What would you do with an extra $2,080 a year?
Well, maybe closer to $1,600 after taxes?
That’s the happy question facing hundreds of thousands of Arizonans who are in line for a wage bump come Jan 1. That’s when the last phase in a 2016 voter-approved increase in the minimum wage kicks in.
It will take the bottom from $11 an hour to $12, adding an extra $2,080 for those working a full-time job.
Exactly how many Arizonans are affected is unclear.
The most recent wage data from the Arizona Commerce Authority is for 2018. But it does show the folks who, on average, were getting not much more than $11 at the time.
Among the largest group likely to see bigger paychecks are those who are in the personal care and service occupations.
The state figured there were more than 112,000 people at that time with a median wage of $11.61 an hour. That means half were making above that and half were making less.
Another nearly 48,000 personal care aides are in that wage category.
And there are other categories where the median wage last year was below $12 an hour, including more than 92,000 in retail sales, close to 49,000 waiters and waitresses, 12,500 counter attendants and 17,500 fast food cooks.
The wage figures do include tips. That’s crucial as the 2016 law allows employers to pay tipped workers up to $3 an hour less than the minimum – but only as long as what they ultimately get, with those tips, hits what the law mandates.
And it won’t be those now making less than $12 who will be affected. Any move that makes $12 the new minimum rung on the salary ladder is likely to force employers to increase the wages of more experience workers who now are getting just $12 or slightly more.
“We’re very excited that we’re about the reach the culmination of Prop 206,” said Tomas Robles of Living United for Change in Arizona, the group that put the issue on the ballot that scrapped the minimum of $8.05 an hour in 2016.
He said the higher wages helped get Arizonans closer to a “living wage,” especially with rapidly rising rents. And Robles said all that was accomplished without wrecking the economy as had been predicted by initiative foes, mostly in the business community.
“The industries that folks said would die off because of this minimum wage have not only been fine but actually have increased in income, employment, demand,” he said.

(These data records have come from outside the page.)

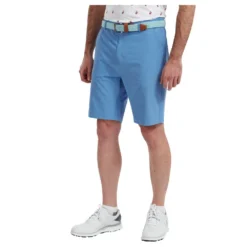 FootJoy Broken Stripe Woven Golf Shorts 84452 5 FootJoy Broken Stripe Woven Golf Shorts 84452 -Golf-Footjoy FootJoy Broken Stripe Woven Golf Shorts 84452 11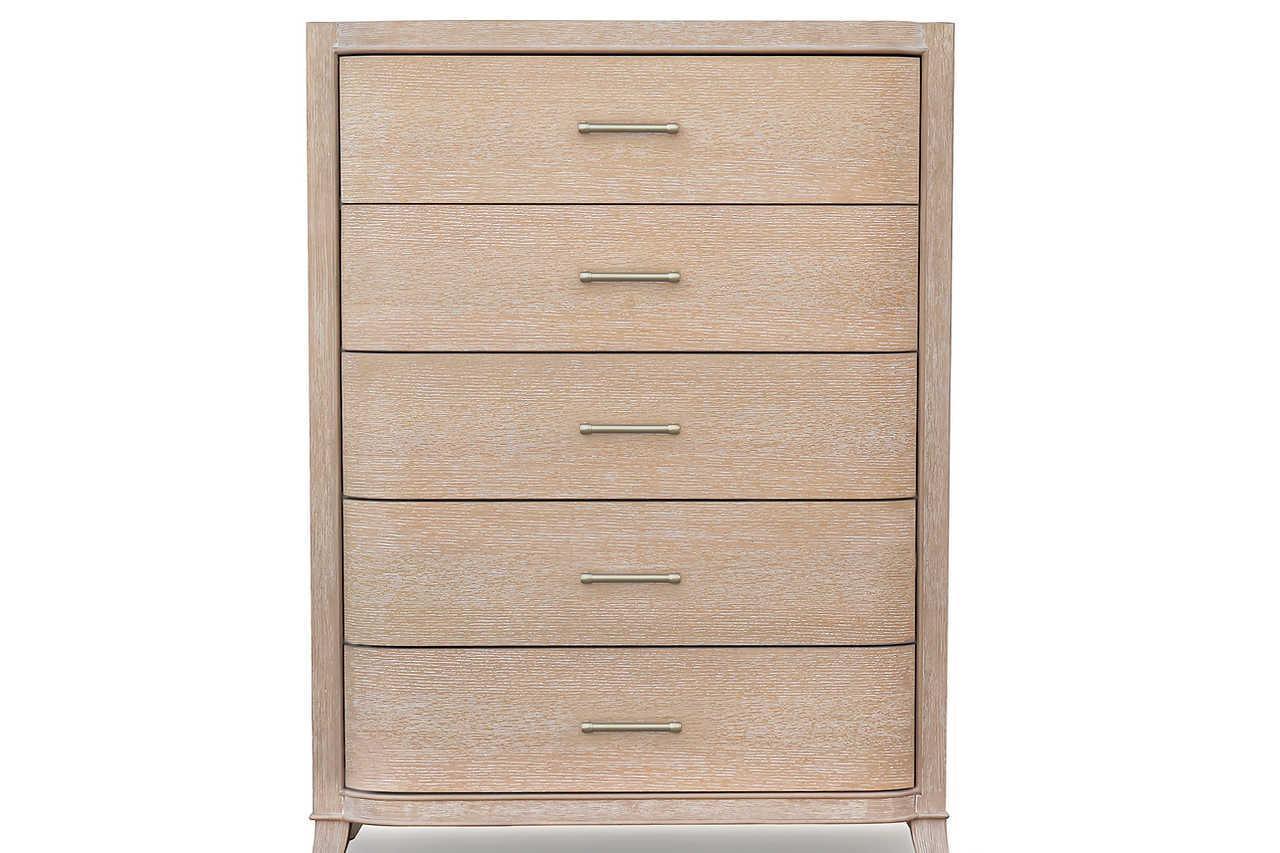 Laguna Light Brown Chest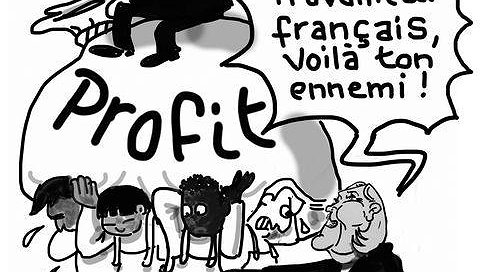 Illustration - Combattre le poison nationaliste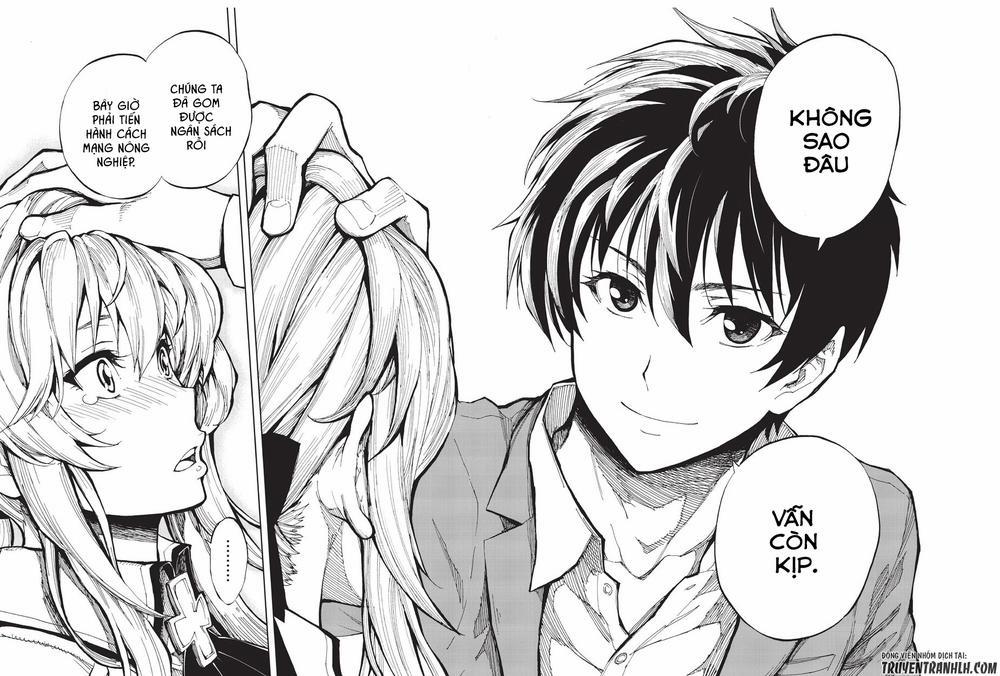 Genjitsu Shugi Yuusha No Oukoku Saikenki 2 trang 28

That is borne out by statistics from the Arizona Commerce Authority.
Since 2017, the average number of people employed by all private companies has increased by 5.7 percent. And employment in bars and restaurants, which include fast food establishments, has pretty much kept pace at 5.6 percent.
Garrick Taylor, spokesman for the Arizona Chamber of Commerce and Industry, which opposed the 2016 measure – and then unsuccessfully sued to have it voided – does not dispute that the predictions of wholesale reductions in employment levels in certain industries have not materialized. But he said there’s a reason for that.
“It is important to remember that we are in a strong economy, particularly in metropolitan areas, both nationally and in Arizona,” he told Capitol Media Services. “We have yet to see the effects of this policy in a struggling economy or to truly understand the impact in rural areas.”
And Taylor said he still believes that it is the people who are seeking jobs who will “bear the brunt of a policy that makes hiring more expensive.”
But Taylor has more immediate concerns.
One is an initiative drive being financed by the California-based Service Employees International Union which, if approved in November, would mandate that everyone working at a hospital get an immediate 5 percent pay hike. Then there would be successive 5-percent pay increases for the following three years.
That would apply at all levels, including medical staff, nurses, social workers, orderlies and even custodians. And with that $12 minimum beginning in January, that would put the base salary for hospital workers after the fourth year at $14.59.
Taylor said his organization will try to convince voters to reject the proposal.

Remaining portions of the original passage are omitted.